I know the Republicans on this board will likely get on my case for saying this, but there are many ways we could have been more diplomatic. Let's take the war crimes tribunal that we are trying to get around signing.

Clinton did what I thought was a very bright thing. He signed it expecting it to never be ratified by our senate. Thus it would be no big deal. While it's in the spotlight, you go along becuase it's got the world's attention. Then when it's old news, you kill it. It winds up on the back page. Clinton did this time and time again. Everybody here will probably call him slick willy and bemoan his lack of honesty, but compare the perception of the U.S. under the two presidencies.

Contrast this with Bush's foreign policy approach which totally comes across as "no I'm not going to do it and you can't make me."

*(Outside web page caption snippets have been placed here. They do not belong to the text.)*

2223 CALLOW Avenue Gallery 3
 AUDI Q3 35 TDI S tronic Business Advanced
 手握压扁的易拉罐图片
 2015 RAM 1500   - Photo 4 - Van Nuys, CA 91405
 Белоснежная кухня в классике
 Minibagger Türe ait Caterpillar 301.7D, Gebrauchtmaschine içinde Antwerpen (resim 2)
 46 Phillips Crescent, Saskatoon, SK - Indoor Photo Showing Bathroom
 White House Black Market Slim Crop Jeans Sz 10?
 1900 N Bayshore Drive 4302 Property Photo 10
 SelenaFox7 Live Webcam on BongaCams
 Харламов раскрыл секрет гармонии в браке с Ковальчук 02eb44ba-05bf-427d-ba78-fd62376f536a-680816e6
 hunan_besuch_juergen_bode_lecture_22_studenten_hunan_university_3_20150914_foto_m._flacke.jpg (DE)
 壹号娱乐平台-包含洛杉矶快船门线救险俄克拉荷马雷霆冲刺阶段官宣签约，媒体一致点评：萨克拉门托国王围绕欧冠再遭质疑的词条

I doubt either president wanted the U.S. as the sole superpower being dragged into peace keeping missions to be put through a farce of a court. The difference is that one presidents approach while underhanded, protected the U.S. image abroad. The other's approach is the straight shooter approach, but unfortunately, our image gets shot for being in the way.

I compare it to my relationship with my girlfriend. There are times where I have to go along to get along. IN fact, I find that sometimes even if I give in occassionaly on stuff that I am right about or have legit reason for, I come out ahead in the long run because my partners peace of mind is a worthwhile comodity too. I'm not sure our foreign policy has put enough value on our partners' peace of mind. We're too concerned with doing what appears right to us.

Don't get me wrong, Clinton didn't actually go along much more than Bush is. He was just better at picking when to argue. Bush has been arguing loudly at a large party while Clinton seemed to always go along while at the party only to say "that's not how it really is" when he got a less public moment. Now ask yourself which approach you'd prefer from your partner.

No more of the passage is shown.